- _YOUR INSTRUCTIONS_
From the first line of the data down to and including the line with "Hitachi ED-X8250 Projectors", copy everything exactly, leaving out pictures.

- _AVAILABLE DATA_
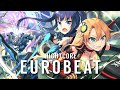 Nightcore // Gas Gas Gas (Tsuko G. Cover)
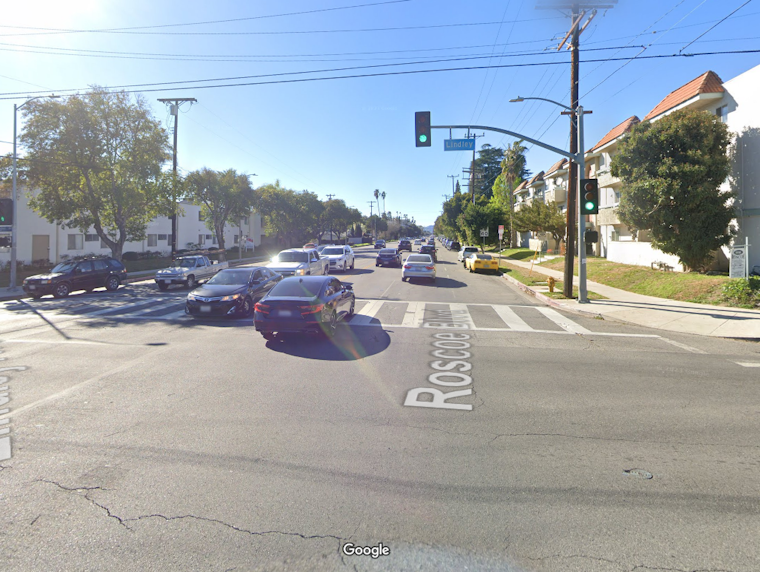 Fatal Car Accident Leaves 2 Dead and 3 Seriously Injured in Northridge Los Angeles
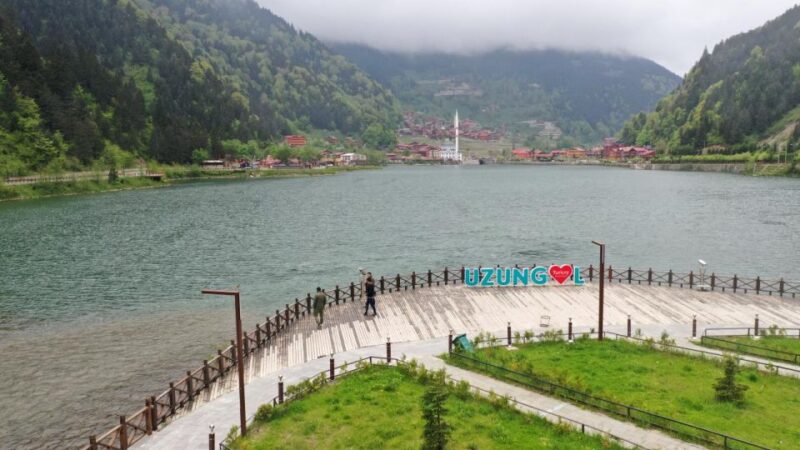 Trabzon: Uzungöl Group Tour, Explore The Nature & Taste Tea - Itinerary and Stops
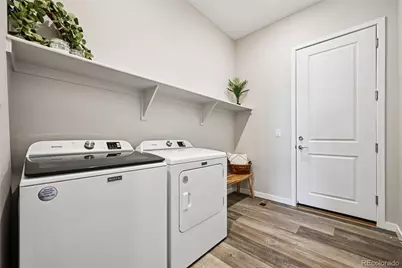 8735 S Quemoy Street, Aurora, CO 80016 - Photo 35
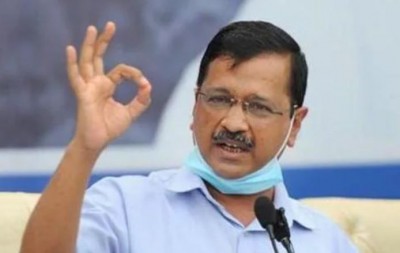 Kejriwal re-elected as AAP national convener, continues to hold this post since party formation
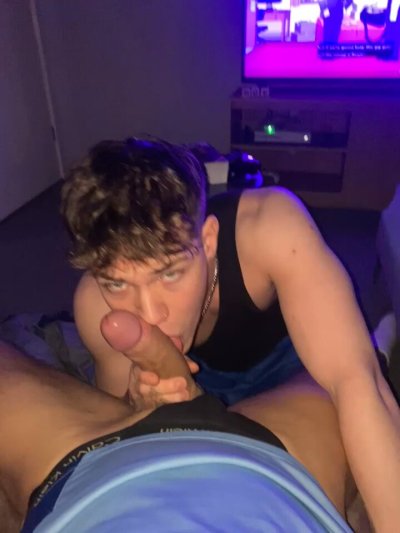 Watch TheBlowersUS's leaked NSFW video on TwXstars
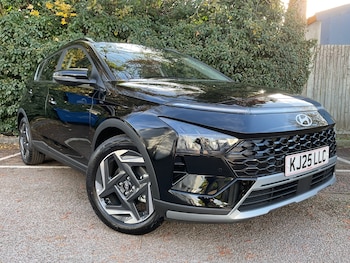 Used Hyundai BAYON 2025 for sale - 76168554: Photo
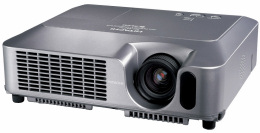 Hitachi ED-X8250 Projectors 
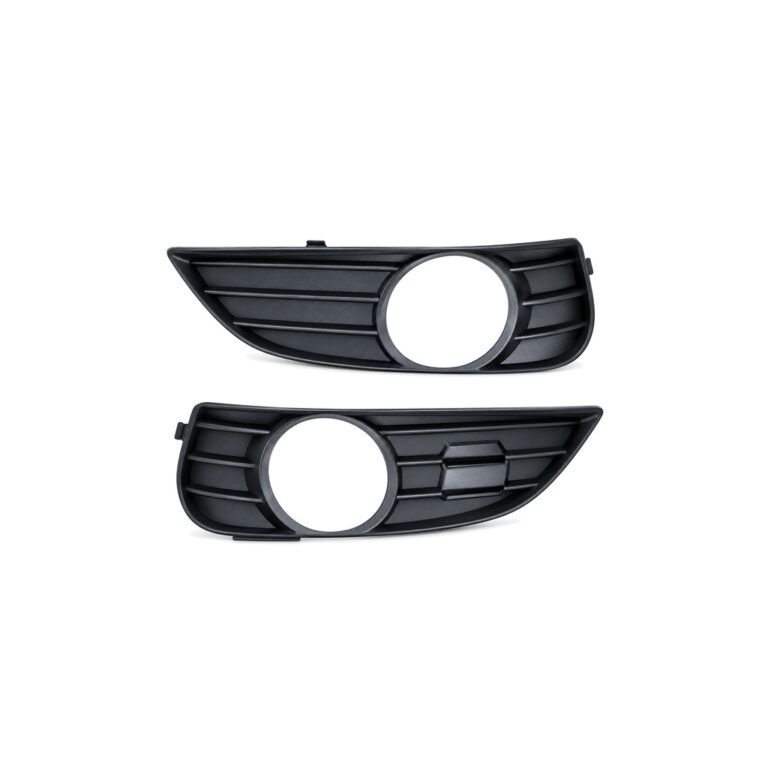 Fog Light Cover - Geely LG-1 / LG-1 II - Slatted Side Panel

- _RESULT OF THIS EXERCISE_
 Nightcore // Gas Gas Gas (Tsuko G. Cover)
 Fatal Car Accident Leaves 2 Dead and 3 Seriously Injured in Northridge Los Angeles
 Trabzon: Uzungöl Group Tour, Explore The Nature & Taste Tea - Itinerary and Stops
 8735 S Quemoy Street, Aurora, CO 80016 - Photo 35
 Kejriwal re-elected as AAP national convener, continues to hold this post since party formation
 Watch TheBlowersUS's leaked NSFW video on TwXstars
 Used Hyundai BAYON 2025 for sale - 76168554: Photo
 Hitachi ED-X8250 Projectors 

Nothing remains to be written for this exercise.